USF 79, UCF 78 (OT): Everything Makes Sense Again, Because Nothing Makes Sense

David Manning-USA TODAY Sports

The Bulls survived a wild game against their rivals to top off a very, very important day.

There are several immediate takeaways from last night's thriller in Orlando. First, that even without Anthony Collins, USF is a much more talented basketball team than UCF. Isaiah Sykes aside--he played brilliantly-- no one on the Knights really impressed at all. The Bulls should trample the Knights in Tampa, but USF has never been very good at doing what they should do.

Second, the Bulls have been playing much better as of late. I'm hesitant to toss out the dreaded "turned the corner" phrase this quickly, but the team survived their murderer's row in the AAC (seriously, let's review this: at SMU, Cincy, Louisville, at Memphis, SMU, at Cincy. Who thought that was okay?) still afloat at 11-11 and are now enjoying a much cushier latter half of the schedule. There are plenty of wins to be had if the Bulls keep playing like they have-- e.g. when they have scoring options beyond Victor Rudd Slamma Jamma, Victor Rudd Contested Three, and Perry/Egbunu Layup. Last night option number four was Martino Brock, and he damn near took over the game at stretches with 17 points, seven rebounds and a pair of steals.

Third, this game was totally bonkers. These were two teams that ranked 144th and 294th in points per game (guess which one is which!) and were expected by most to engage in a rock fight, and for the first twenty minutes they lit up the freaking scoreboard like nobody's business. Sure, this was largely in part to the fact that neither team was interested in playing a lick of defense, but it made for a wonderfully entertaining game as long as you turned a blind eye to quality of play. Early on USF pounded the ball inside with Rudd and Perry at will, while UCF had-- and sank-- basically any perimeter shot they wanted. It was fantastically and gloriously terrible, and it made no sense whatsoever.

After going into the break with the Bulls up a point, both teams promptly seemed to remember their scoring woes and started consistently airballing open two-footers (Not an exaggeration. Bless you, Vic and Chris). USF went on an ALL MARTINO BROCK EVERYTHING run to establish a lead, but the Knights countered with an ALL ISIAH SYKES EVERYTHING run-- I can't say enough about how well Sykes played-- and somehow managed to grab a 70-68 advantage with just 40 seconds left in regulation.

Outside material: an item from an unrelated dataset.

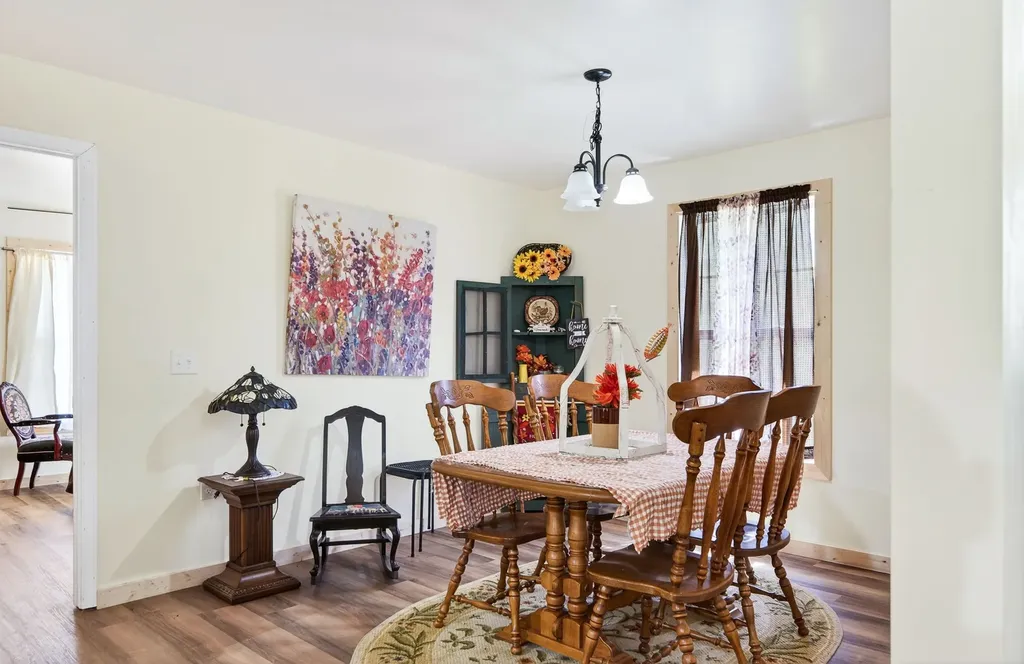 525 Riley Creek Road Whitleyville TN 38588
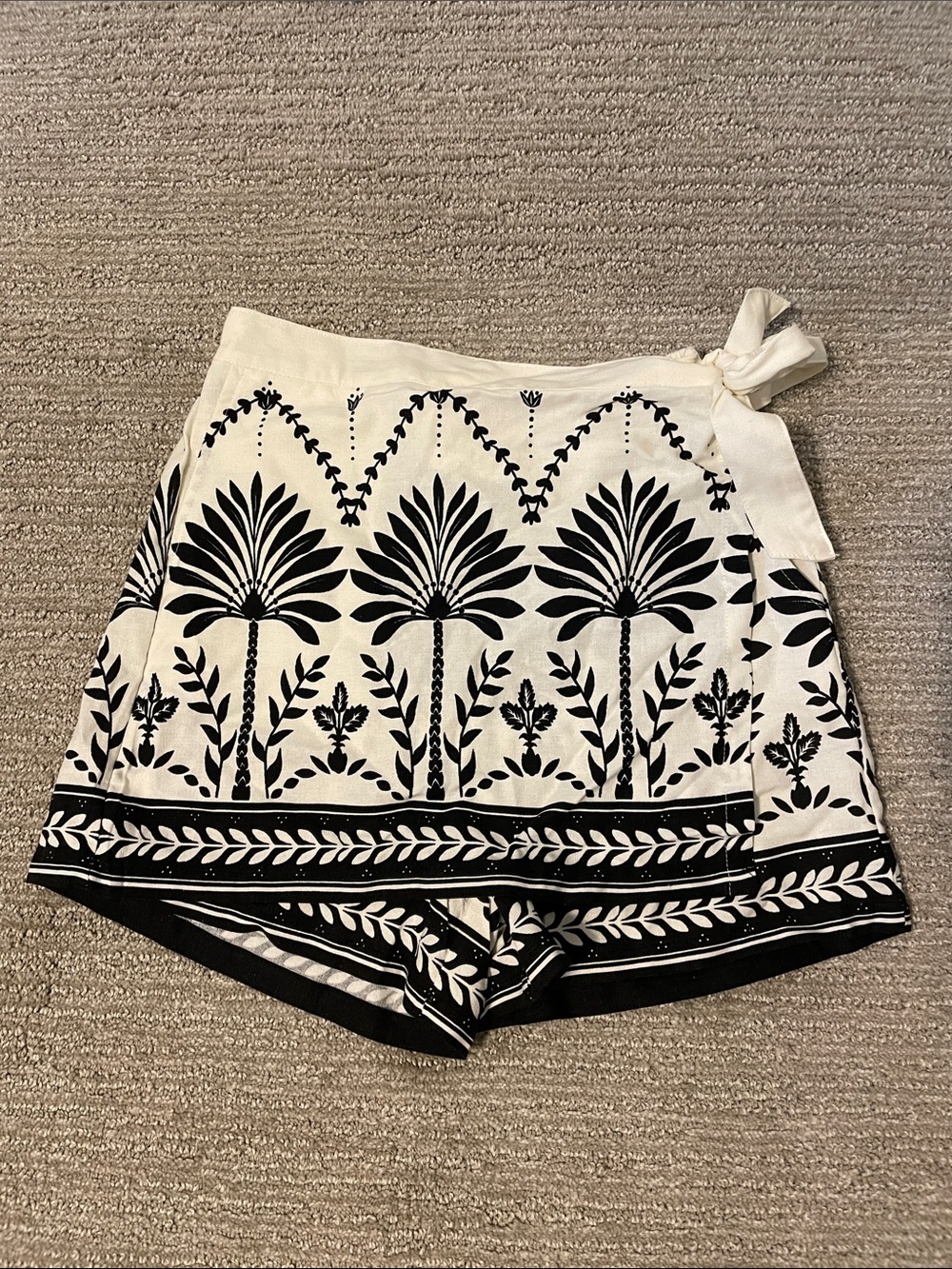 Ellen Tracy White Shorts with Black Botanical Print and Side Tie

This is the first situation where the Bulls should have lost. There's only one player on this team that can create his own shot, and that certain Mr, Rudd is infamous for his notoriously poor shot selection in crunch time. But it was Rudd who drove into the lane and with just ten seconds to go, drained an awkward layup that sent the game to overtime.

And it was Rudd who completely dominated the overtime period, scoring the Bulls' first eight points en route to a 78-72 advantage. But this is USF, and USF is bound by some unholy contract to do USF things, and thus allowed the Knights to knot the game at 78 and have the ball with 26 seconds left, holding for the winning shot.

This is the second situation where the Bulls should have lost. But they didn't, because John Egbunu knocked a Sykes layup into the hands of Shemiye McClendon, who took a few dribbles before Kasey Wilson backed into him at halfcourt with less than a second to go in the game. I don't know if it was actually a foul, and I don't really want to know. All I know is that Teddy Valentine said it was a foul, and sent McClendon-- a timid five for nine from the charity stripe on the season-- to the line in front of a hostile, bloodthirsty and undereducated crowd, where he promptly sunk the first because this game made no sense whatsoever.

And it continued to make no sense whatsoever until Calvin Newell's desperation heave from under his own basket came literally a few inches away from winning the game for the Knights. But it didn't, and USF defeated their born-again rivals with one beautiful conglomeration of no-sense-making. And all of a sudden, the order of the universe was restored.

Between last night and a fantastic class on National Signing Day, we might all wind up remembering February 5th as the day that swung the momentum back in USF's favor and ended UCF's four-month reign of terror. Or we may not-- after all, there's still a rematch to be played in Tampa in just ten days. But a couple things are certain: the reborn USF-UCF series has now produced a pair of thrilling games and could be the start of something really fun, and USF basketball--after essentially being left for dead a week ago by yours truly-- is now a living, breathing, entity. Go figure.